[1/3] btrfs: fix race between page release and a fast fsync
Message ID 20200722112837.15516-1-fdmanana@kernel.org
  • [1/3] btrfs: fix race between page release and a fast fsync
Filipe Manana July 22, 2020, 11:28 a.m. UTC
From: Filipe Manana <fdmanana@suse.com>

When releasing an extent map, done through the page release callback, we
can race with an ongoing fast fsync and cause the fsync to miss a new
extent and not log it. The steps for this to happen are the following:

1) A page is dirtied for some inode I;

2) Writeback for that page is triggered by a path other than fsync, for
   example by the system due to memory pressure;

3) When the ordered extent for the extent (a single 4K page) finishes,
   we unpin the corresponding extent map and set its generation to N,
   the current transaction's generation;

4) The btrfs_releasepage() callback is invoked by the system due to
   memory pressure for that no longer dirty page of inode I;

5) At the same time, some task calls fsync on inode I, joins transaction
   N, and at btrfs_log_inode() it sees that the inode does not have the
   full sync flag set, so we proceed with a fast fsync. But before we get
   into btrfs_log_changed_extents() and lock the inode's extent map tree:

6) Through btrfs_releasepage() we end up at try_release_extent_mapping()
   and we remove the extent map for the new 4Kb extent, because it is
   neither pinned anymore nor locked. By calling remove_extent_mapping(),
   we remove the extent map from the list of modified extents, since the
   extent map does not have the logging flag set. We unlock the inode's
   extent map tree;

7) The task doing the fast fsync now enters btrfs_log_changed_extents(),
   locks the inode's extent map tree and iterates its list of modified
   extents, which no longer has the 4Kb extent in it, so it does not log
   the extent;

8) The fsync finishes;

9) Before transaction N is committed, a power failure happens. After
   replaying the log, the 4K extent of inode I will be missing, since
   it was not logged due to the race with try_release_extent_mapping().

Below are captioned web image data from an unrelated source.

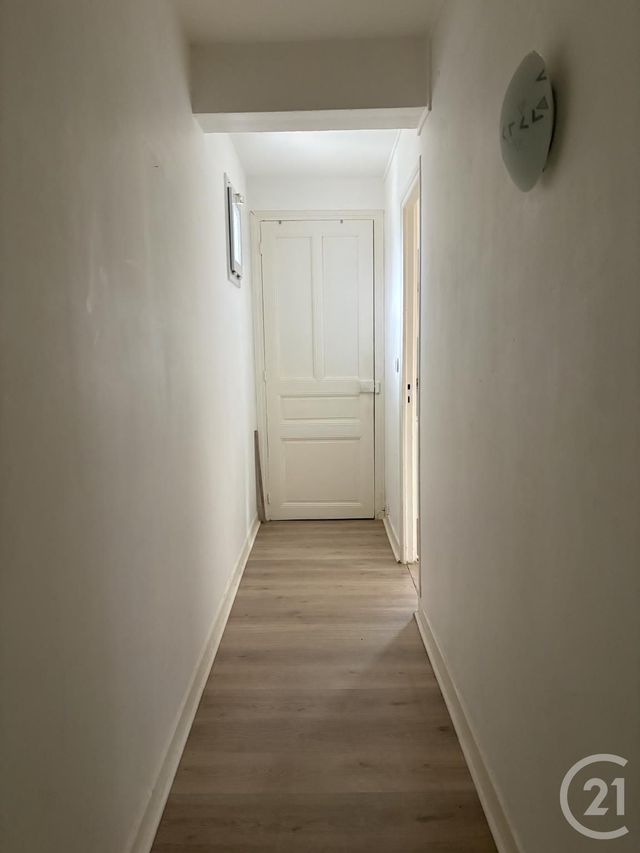 Appartement F2 à louer - 2 pièces - 35.0 m2 - MONTDIDIER - 80 - PICARDIE - Century 21 Alliance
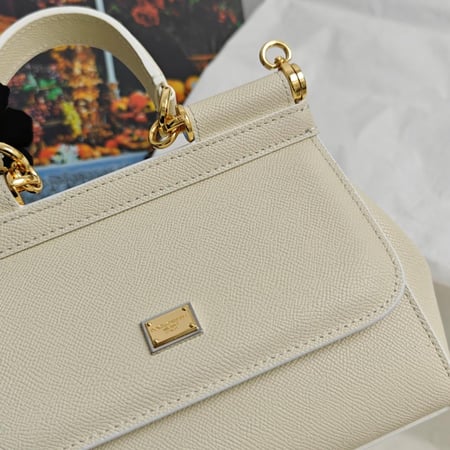 دولتشي اند غابانا مقاس 20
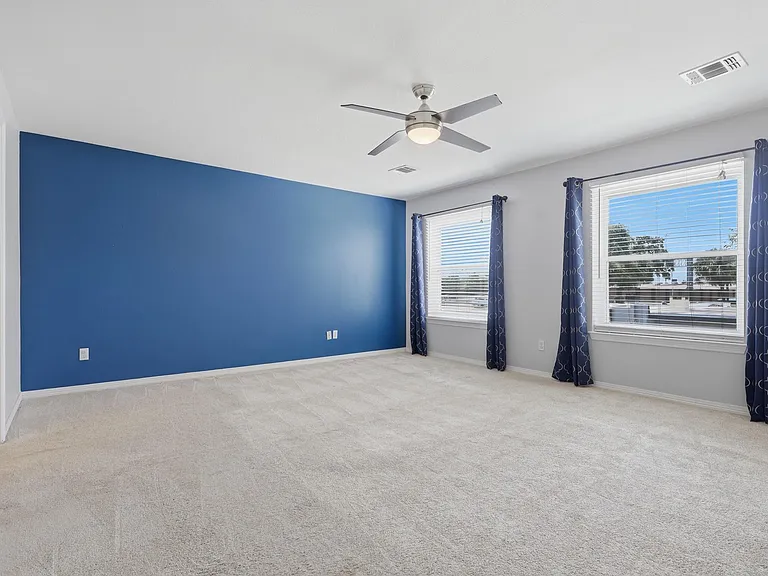 9419 Stonehouse Ln — Photo 13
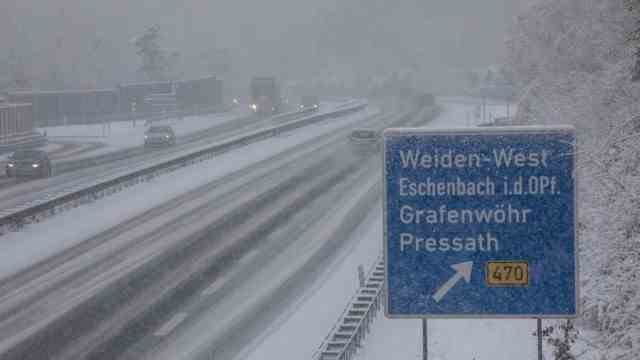 Weather in Bavaria: It was slippery on the A93.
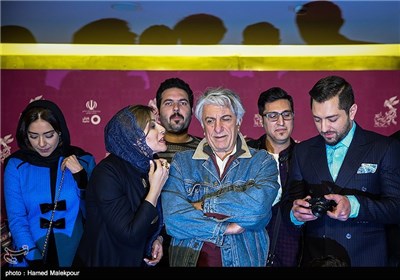 بهرام رادان، رضا کیانیان، سحر دولتشاهی و بهاره کیان افشار بازیگران فیلم سینمایی بارکد در ششمین روز سی و چهارمین جشنواره فیلم فجر - برج میلاد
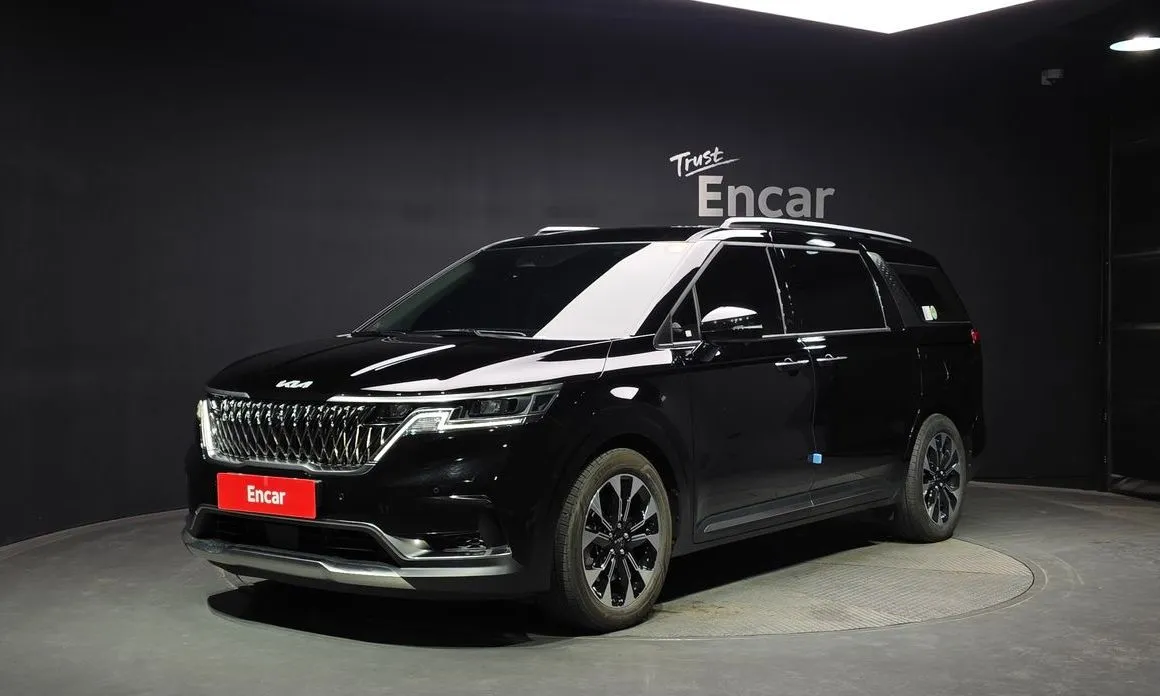 Kia Carnival — фото 1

So fix this by teaching try_release_extent_mapping() to not remove an
extent map if it's still in the list of modified extents.

Fixes: ff44c6e36dc9dc ("Btrfs: do not hold the write_lock on the extent tree while logging")
Signed-off-by: Filipe Manana <fdmanana@suse.com>
 fs/btrfs/extent_io.c | 16 +++++++++++++---
 1 file changed, 13 insertions(+), 3 deletions(-)

diff --git a/fs/btrfs/extent_io.c b/fs/btrfs/extent_io.c
index 8a7e9da74b87..57f85d451695 100644
--- a/fs/btrfs/extent_io.c
+++ b/fs/btrfs/extent_io.c
@@ -4500,15 +4500,25 @@  int try_release_extent_mapping(struct page *page, gfp_t mask)
-			if (!test_range_bit(tree, em->start,
-					    extent_map_end(em) - 1,
-					    EXTENT_LOCKED, 0, NULL)) {
+			if (test_range_bit(tree, em->start,
+					   extent_map_end(em) - 1,
+					   EXTENT_LOCKED, 0, NULL))
+				goto next;
+			/*
+			 * If it's not in the list of modified extents, used
+			 * by a fast fsync, we can remove it. If it's being
+			 * logged we can safely remove it since fsync took an
+			 * extra reference on the em.
+			 */
+			if (list_empty(&em->list) ||
+			    test_bit(EXTENT_FLAG_LOGGING, &em->flags)) {
 				remove_extent_mapping(map, em);
 				/* once for the rb tree */
 			start = extent_map_end(em);